◆ TASK ITEM ◆
Copy the listing that follows exactly. Its pictures do not belong in the copy.

◆ GIVEN ENTRIES ◆
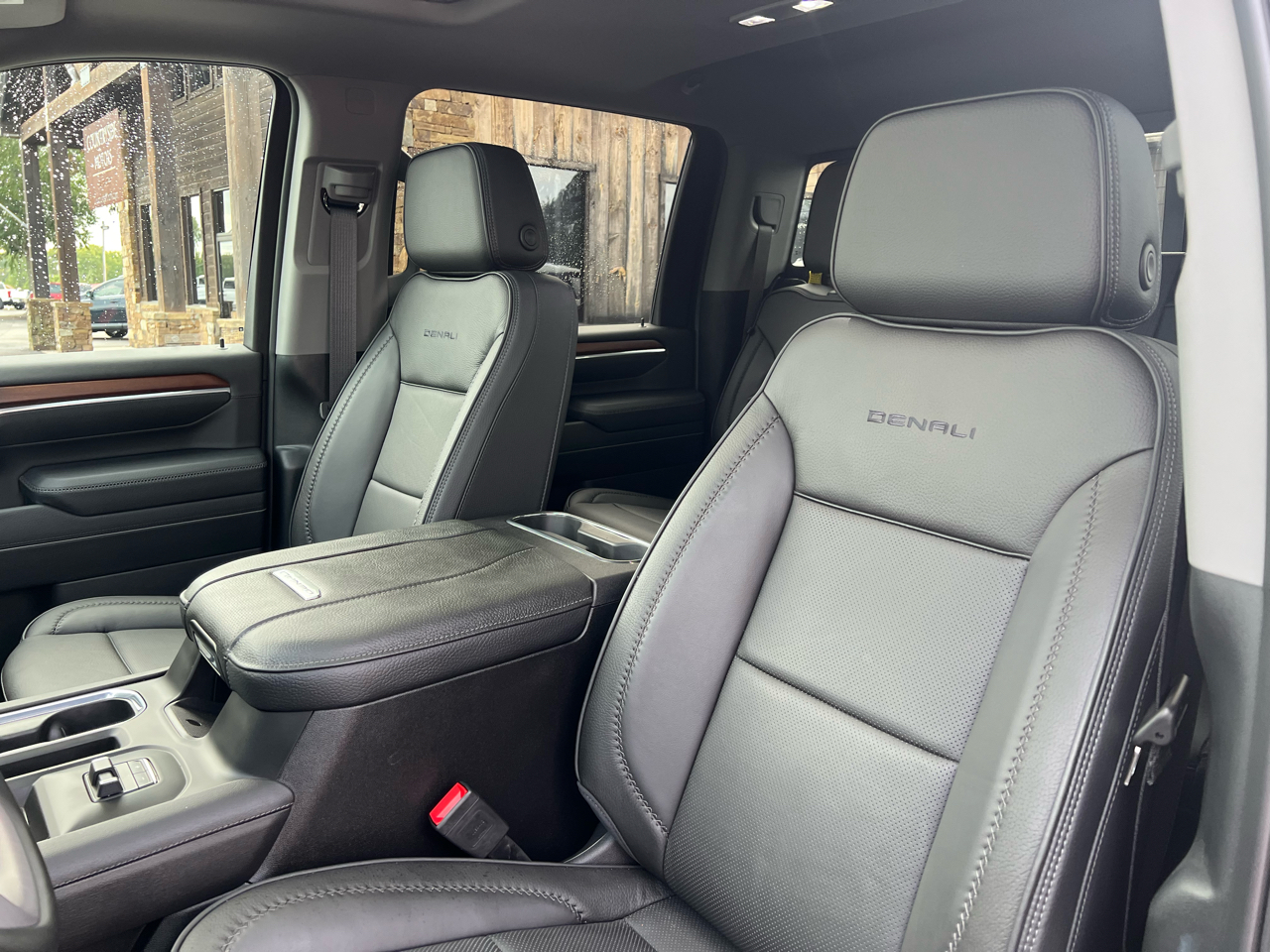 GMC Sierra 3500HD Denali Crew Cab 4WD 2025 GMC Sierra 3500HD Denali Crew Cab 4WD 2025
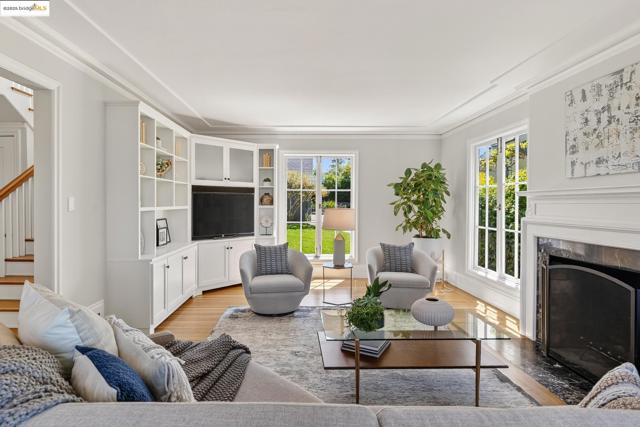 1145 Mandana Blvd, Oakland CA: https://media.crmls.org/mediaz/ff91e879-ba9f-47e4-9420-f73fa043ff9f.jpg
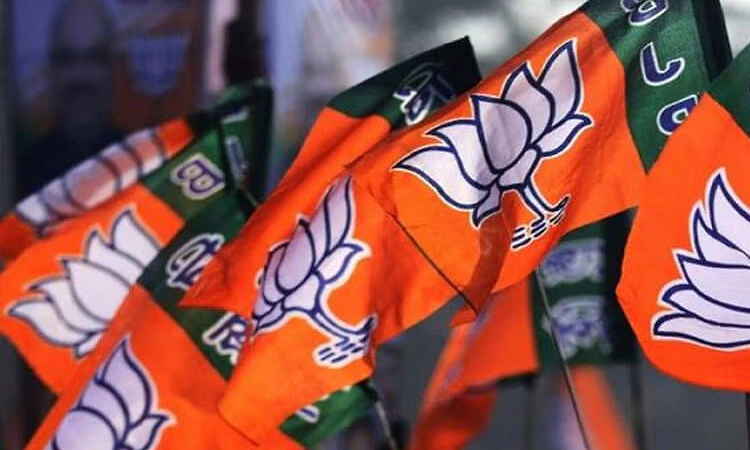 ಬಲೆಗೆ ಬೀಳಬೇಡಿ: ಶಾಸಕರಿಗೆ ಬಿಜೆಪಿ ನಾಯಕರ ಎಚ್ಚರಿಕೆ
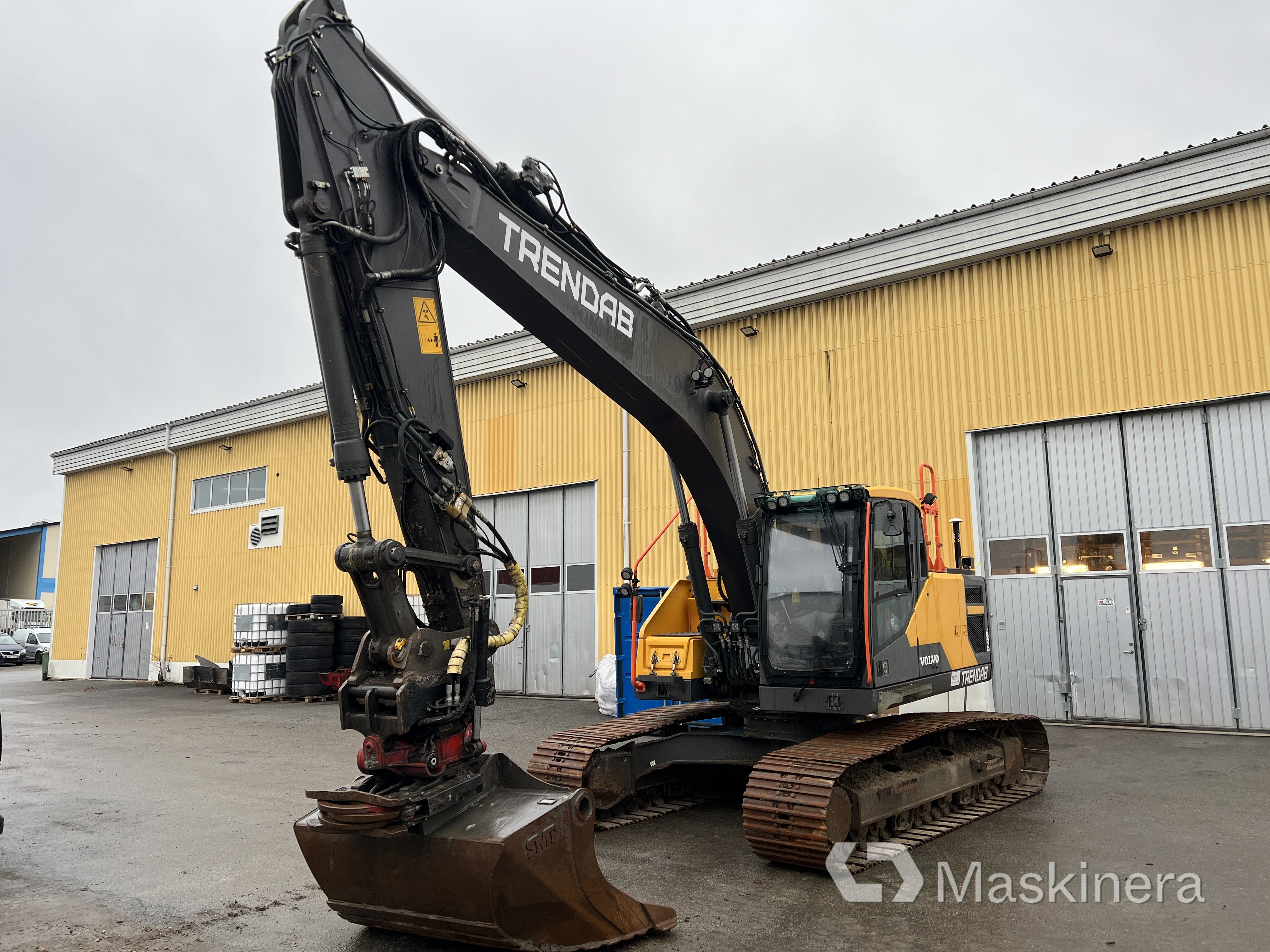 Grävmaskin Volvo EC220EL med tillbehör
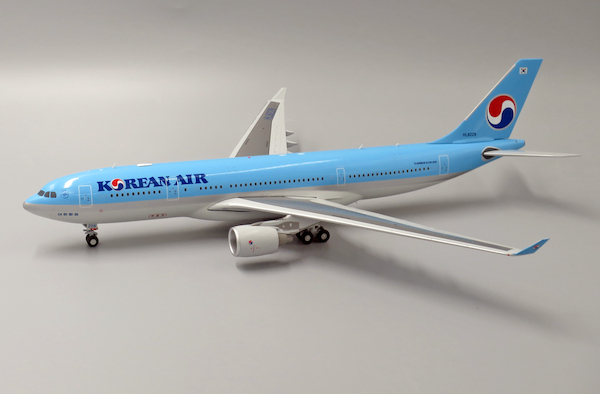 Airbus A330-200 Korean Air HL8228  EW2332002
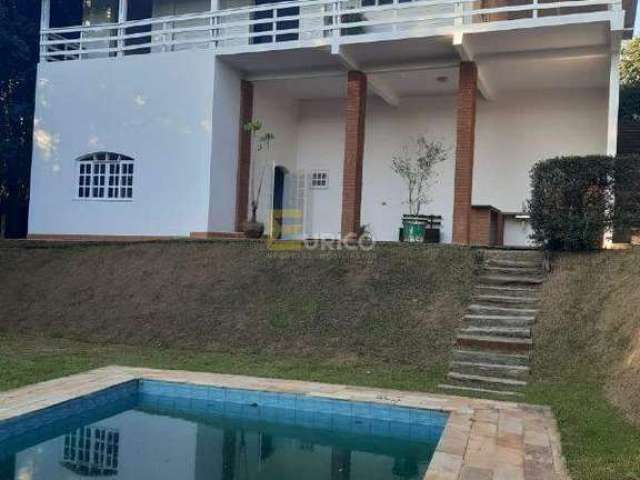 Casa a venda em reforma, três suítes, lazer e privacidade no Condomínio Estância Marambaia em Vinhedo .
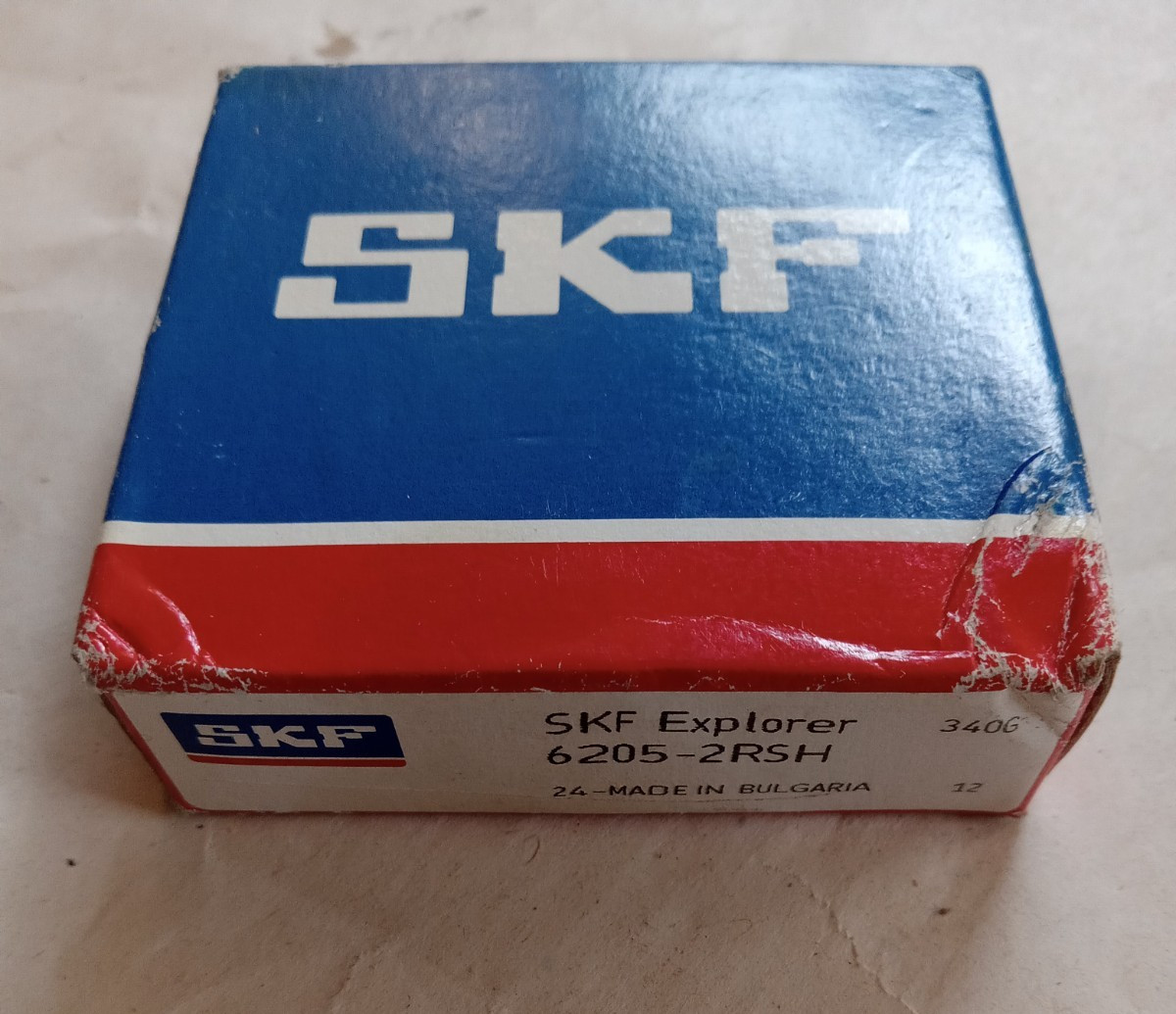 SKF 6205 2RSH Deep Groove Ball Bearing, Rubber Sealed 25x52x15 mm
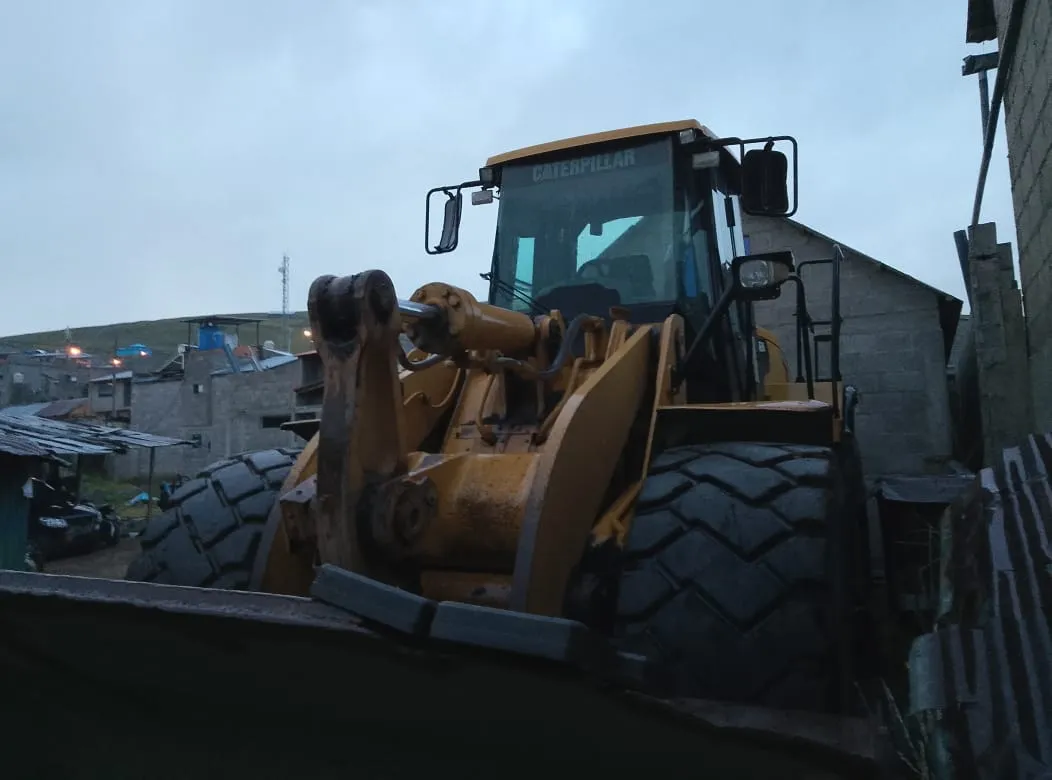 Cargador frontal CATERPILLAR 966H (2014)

◆ ANSWER TO THIS EXERCISE ◆
 GMC Sierra 3500HD Denali Crew Cab 4WD 2025 GMC Sierra 3500HD Denali Crew Cab 4WD 2025
 1145 Mandana Blvd, Oakland CA: https://media.crmls.org/mediaz/ff91e879-ba9f-47e4-9420-f73fa043ff9f.jpg
 ಬಲೆಗೆ ಬೀಳಬೇಡಿ: ಶಾಸಕರಿಗೆ ಬಿಜೆಪಿ ನಾಯಕರ ಎಚ್ಚರಿಕೆ
 Grävmaskin Volvo EC220EL med tillbehör
 Airbus A330-200 Korean Air HL8228  EW2332002
 Casa a venda em reforma, três suítes, lazer e privacidade no Condomínio Estância Marambaia em Vinhedo .
 SKF 6205 2RSH Deep Groove Ball Bearing, Rubber Sealed 25x52x15 mm
 Cargador frontal CATERPILLAR 966H (2014)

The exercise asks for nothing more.